The industrial market saw overall average asking rates drop $0.06 per sq. ft. quarter-over-quarter to finish at $5.63 per sq. ft. on a triple-net basis at the end of Q1 2017. The average rate for Flex space is at $10.41 per sq. ft., Manufacturing rates averaged $4.27, and Warehouse/Distribution space is at $5.27. Even though rental rates dipped slightly this quarter, the citywide average asking rate since Q3 2014, when the oil downturn hit markets across Texas, has averaged $5.61 per sq. ft. In addition, over 3.2 million sq. ft. of newly delivered space has hit the San Antonio industrial market during the last 15 months, with rental rates up $0.18 per sq. ft. year-over-year.
Construction & Deliveries
There is currently about 838,000 sq. ft. under construction in the San Antonio industrial market, with a large percentage of that space available for lease. The largest projects underway at the end of first quarter 2017 were Green Mountain Business Park #7, a 100,000-sq.-ft. building; and Alamo Ridge Business Park 4, a 96,930-sq.-ft. facility. Some of the notable 2017 deliveries include I-35 Logistics Center, a 397,600-sq.-ft. facility; and 1287 Industrial Dr., a 15,618-sq.-ft. building that delivered in first quarter 2017 and is now 75% occupied, both in Comal County. One of the most sought-after submarkets is the Northeast, in part because of its proximity to the I-35 corridor and convenient access to other major interstates. Two of the industrial market’s largest deals were completed in that submarket at the end of 2016, including Alamo Brewery’s 54,400-sq.-ft. deal and Alamo Brokerage’s 46,500-sq.-ft. lease at the Cornerstone Business Park.
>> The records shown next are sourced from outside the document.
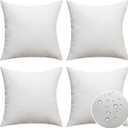 Home Brilliant White Pillow Shams Decorative Pillow Covers Outdoor for Patio Bench Garden Farm Throw Pillow Covers 20x20, 50cm, 4 Pieces, White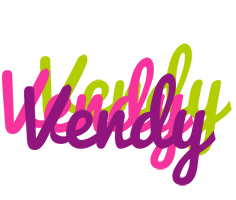 Vendy flowers logo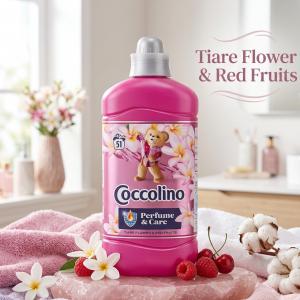 Coccolino Perfume & Care Tiare Flower & Red Fruits öblítőkoncentrátum (1275 ml / 51 mosás)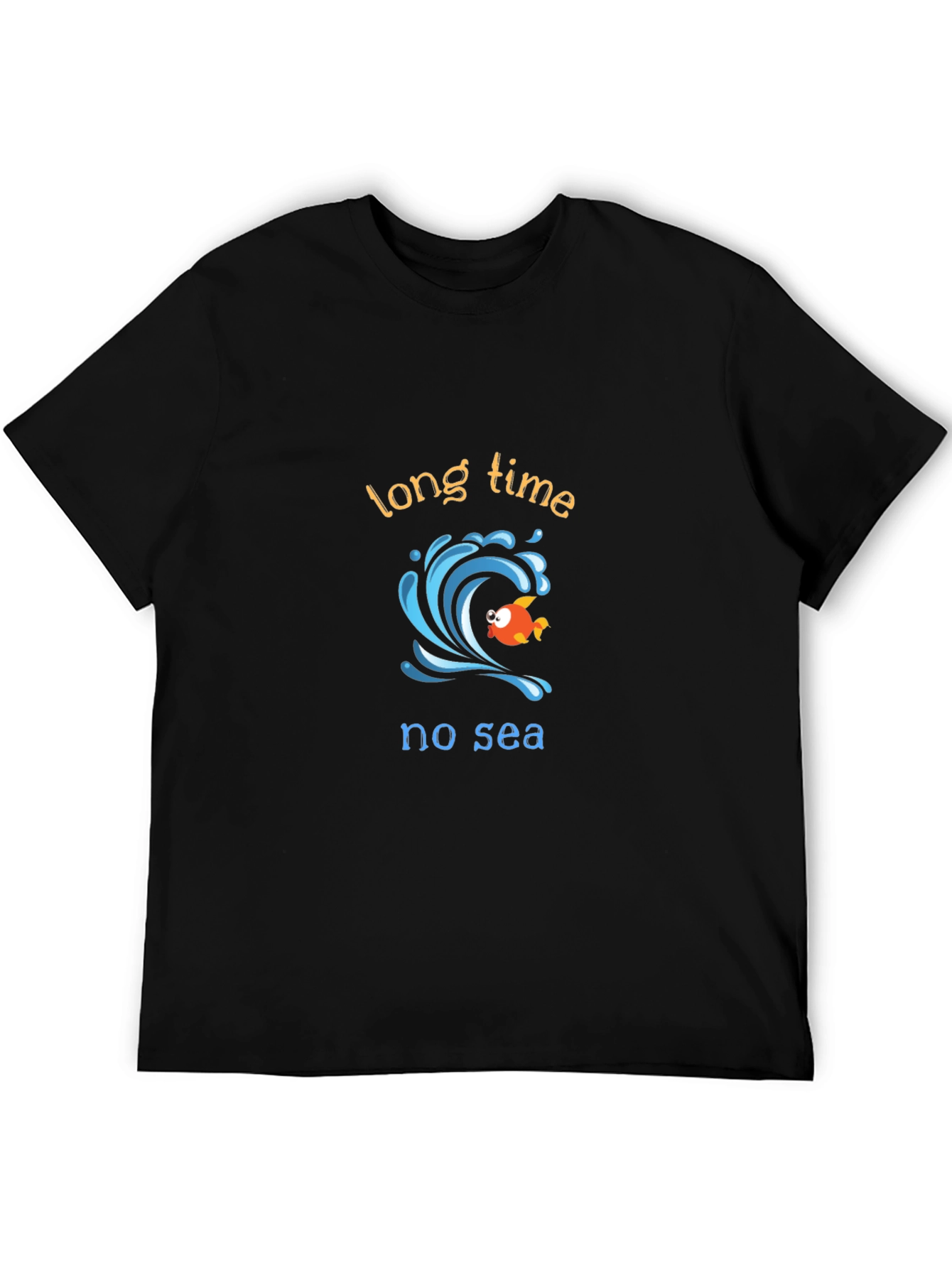 Long Time No Sea Graphic T-Shirt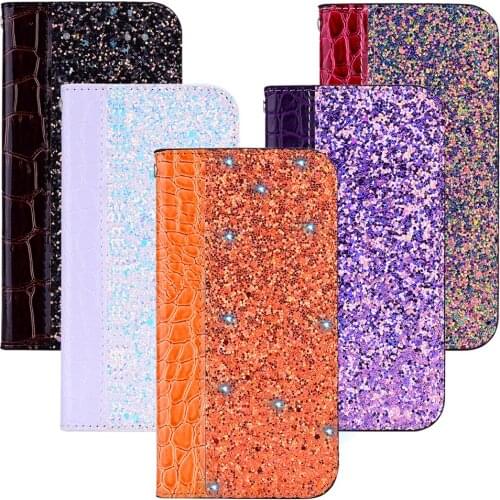 Fashion Crocodile Leather For Nokia 6.1 5.1 3.1 2018 Case Cover For Nokia 8 6 5 7 Plus Shining Wallet Phone Cases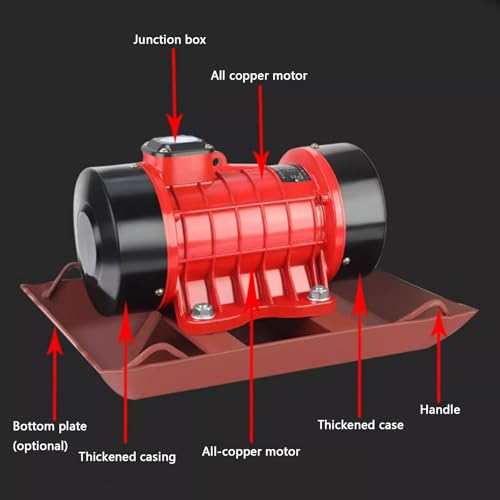 1.5KW 380V AC Vibration Motor for Cement Plate Vibrator, Industrial Power Concrete Vibrator, Single-Phase 220V/Three-Phase 380V, High Efficiency, Durable Performance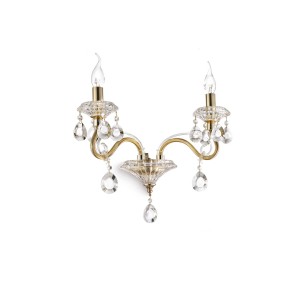Светильник настенный Ideal Lux Negresco AP2 Золото E14 087757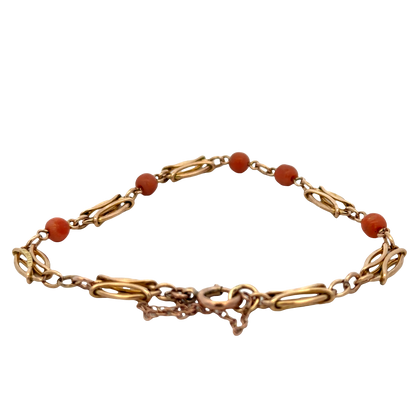 9ct yellow gold bracelet 9.1g (sh27599b)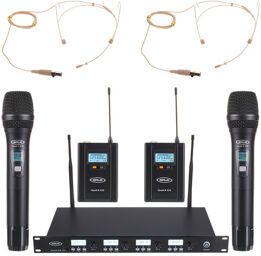 Quad R/2H/2B 2 Headmike O 470 Noir mat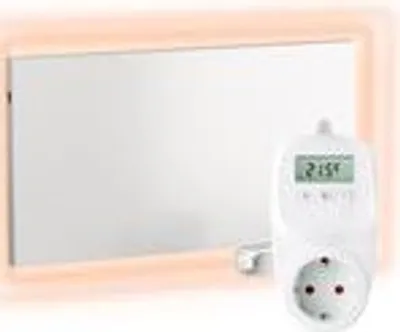 Produktbild von Infrarotheizung rahmenlos Heizpaneel H300 Thermostat TH12 300W 50x60cm WiFi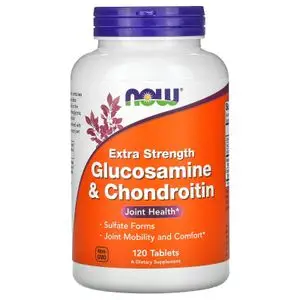 Now Foods Glucosamine et chondroïtine, Extrapuissant, 120 cps Os, articulations, cartilage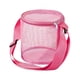 thumbnail image 1 of Soidarity Bolsa de nailon de malla para juegos en la playa y almacenamiento de juguetes, visualización de bolsas, correas ajustables para llevar Deportes acuáticos Rosa roja, 1 of 6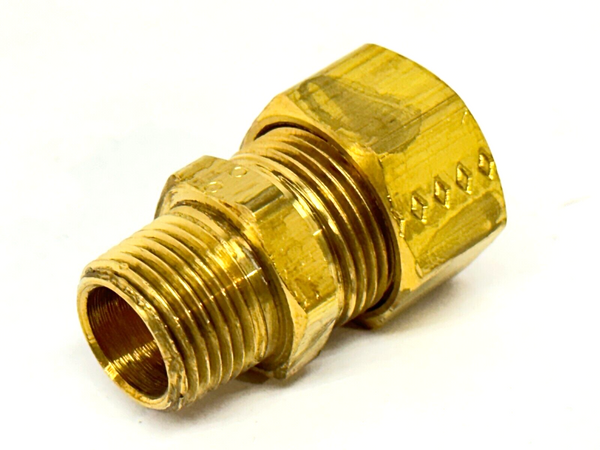 5/8" OD Compression Tube x 3/8" NPT Connector Brass - Maverick Industrial Sales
Overall leasing activity was down slightly quarter-over-quarter, from 814,561 sq. ft. to 808,029 sq. ft., while year-over-year was down almost 50%, from 1.5 million sq. ft. The average sq. ft. leased per quarter during the last 10 years is approximately 1.0 million sq. ft. The largest lease signings occurring in 2017 included the 147,840-sq.-ft. deal inked by Southern Warehousing in the South submarket; the 30,610-sq.-ft. lease signed by Arion Perfume & Beauty, Inc. at Tri-County Industrial Park – Building 5 in the Comal County market; and 11,800 sq. ft. taken by Crafco Inc. at 2103 Danbury St in the North Central market.